**Exercise:**
Retype every record exactly. Skip the images.

**Records for the task:**

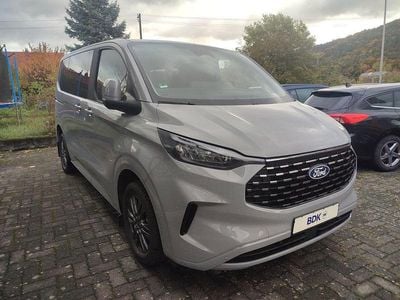 Second-hand Ford Tourneo Titanium 170 CP (125 kW) 2025 Gri Monovolum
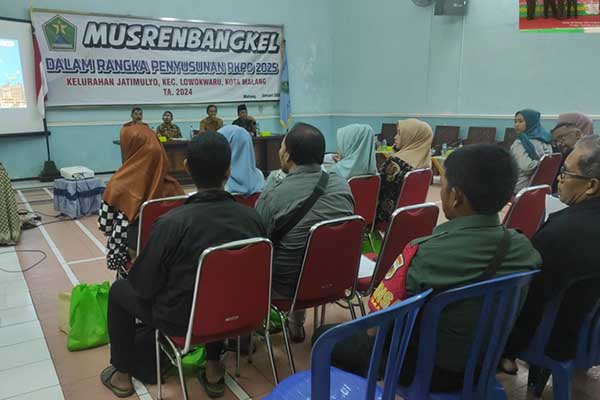 Babinsa Koramil 0833/05 Lowokwaru hadiri Musrenbangkel Jatimulyo TA 2024. (ist) - Babinsa Koramil 0833/05 Lowokwaru Hadiri Musrenbangkel Jatimulyo TA 2024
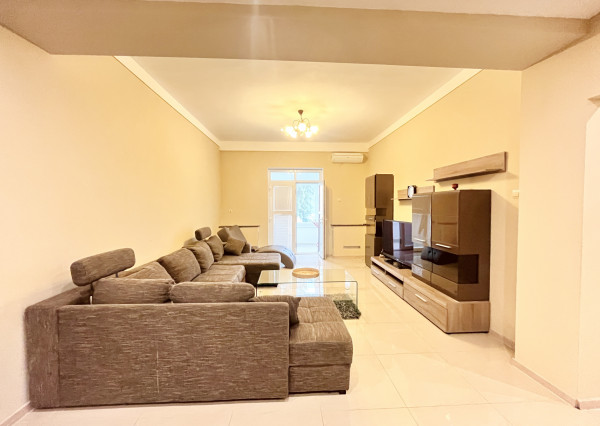 PREDAJ priestranný 4-izbový byt Pieštany - Nálepkova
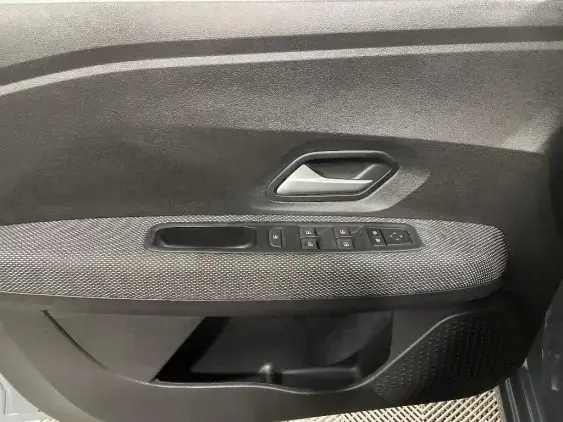 DACIA SANDERO III - voiture d'occasion - Photo 19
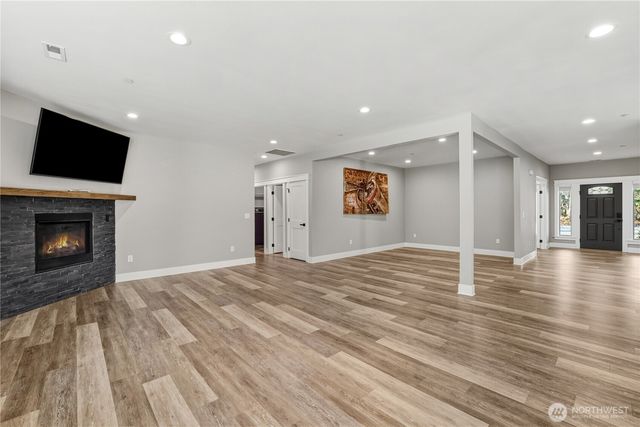 45615 162nd Avenue E, Eatonville, WA 98328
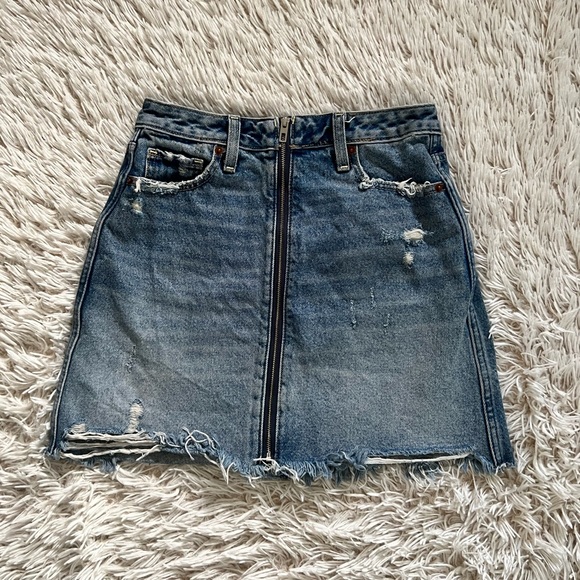 Abercrombie & Fitch Dresses & Skirts - A&F • Denim mini skirt in ripped medium wash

**Reply to the task:**
 Second-hand Ford Tourneo Titanium 170 CP (125 kW) 2025 Gri Monovolum
 Babinsa Koramil 0833/05 Lowokwaru hadiri Musrenbangkel Jatimulyo TA 2024. (ist) - Babinsa Koramil 0833/05 Lowokwaru Hadiri Musrenbangkel Jatimulyo TA 2024
 PREDAJ priestranný 4-izbový byt Pieštany - Nálepkova
 DACIA SANDERO III - voiture d'occasion - Photo 19
 45615 162nd Avenue E, Eatonville, WA 98328
 Abercrombie & Fitch Dresses & Skirts - A&F • Denim mini skirt in ripped medium wash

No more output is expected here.